The day actually begins the evening before, when our group meets at 6 pm (we arrive late from our Sacred Valley day tour) at the Alpaca Expeditions offices in Cuzco for an orientation and to pick up the duffle bags (we are limited to 7 kg which includes the sleeping bag, so only about 4 kg of stuff), as well as a rain cover for our day packs, a rain poncho and hiking poles that we have rented. (We will leave the rest of our luggage at the hotel or can store it with Alpaca). A team of porters will carry not only our duffels (they carry 3 plus their own!), but the camping gear (tents, sleeping bags and mats), a dining tent and stools, cooking stuff, our food, and even a private potty tent.
Our adventure starts with a pick up at our hotel, Amaru Inca, in Cuzco’s historic district at 4 am.
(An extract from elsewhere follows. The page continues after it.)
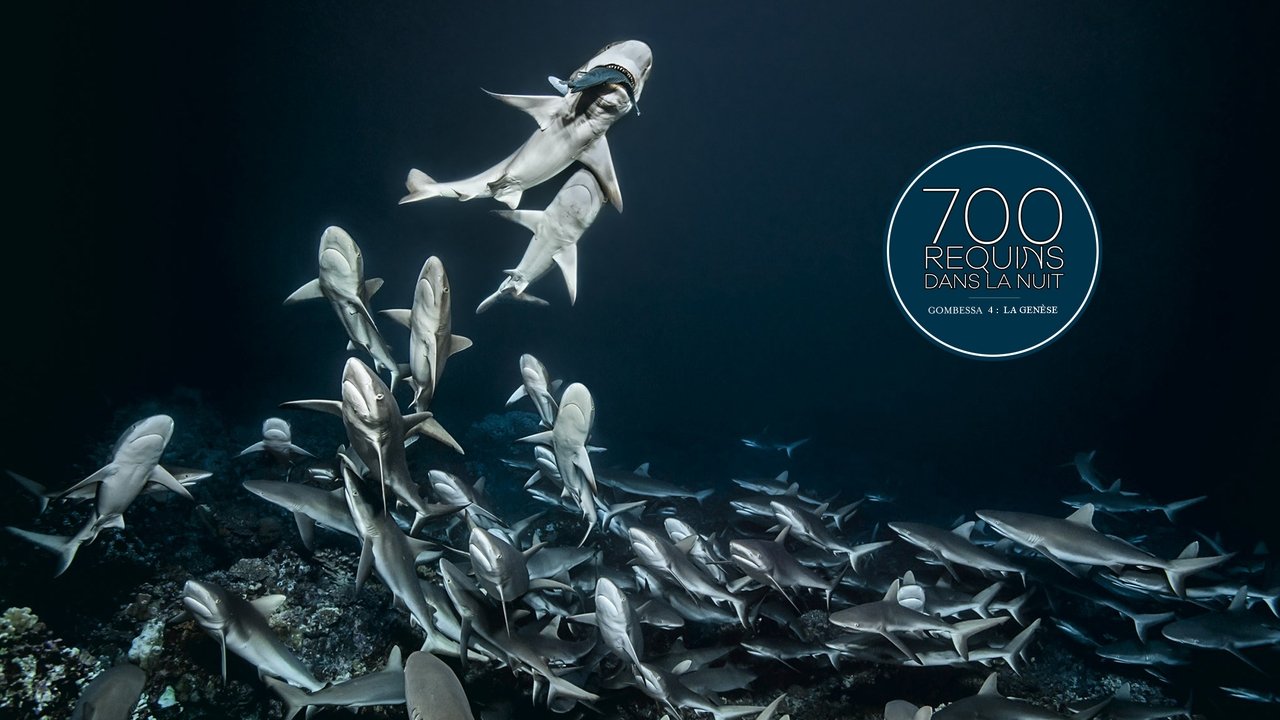 Backdrop image for movie 700 Sharks (Gombessa 4, Genesis)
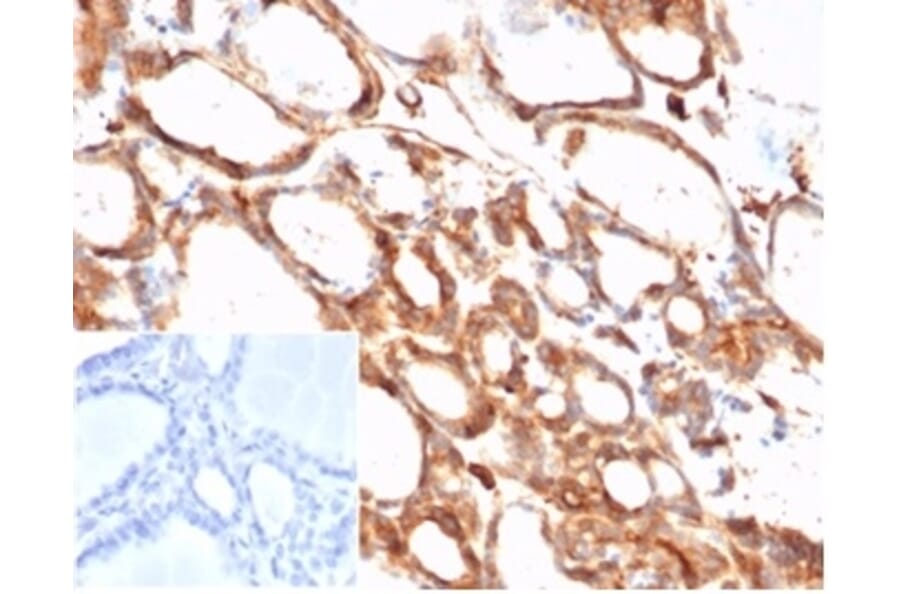 Immunohistochemistry - Anti-beta Actin Antibody [ACTB/1108] - BSA and Azide free (A278361) - Antibodies.com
We pick up the other participants at various locations (didn’t realize we could have overnighted at Ollantaytambo!) and are taken to Piskachucho, Porters House, where we enjoy a marvelous and energizing breakfast. This is a bunkhouse where the porters – who come from mountain villages hours away – stay between expeditions.
We stop off for a bathroom break at a fantastic shop where I purchase a treasure: the most marvelous alpaca wool knee-high socks for $4 which I adore to keep me comfy cozy on the cold nights in the tent.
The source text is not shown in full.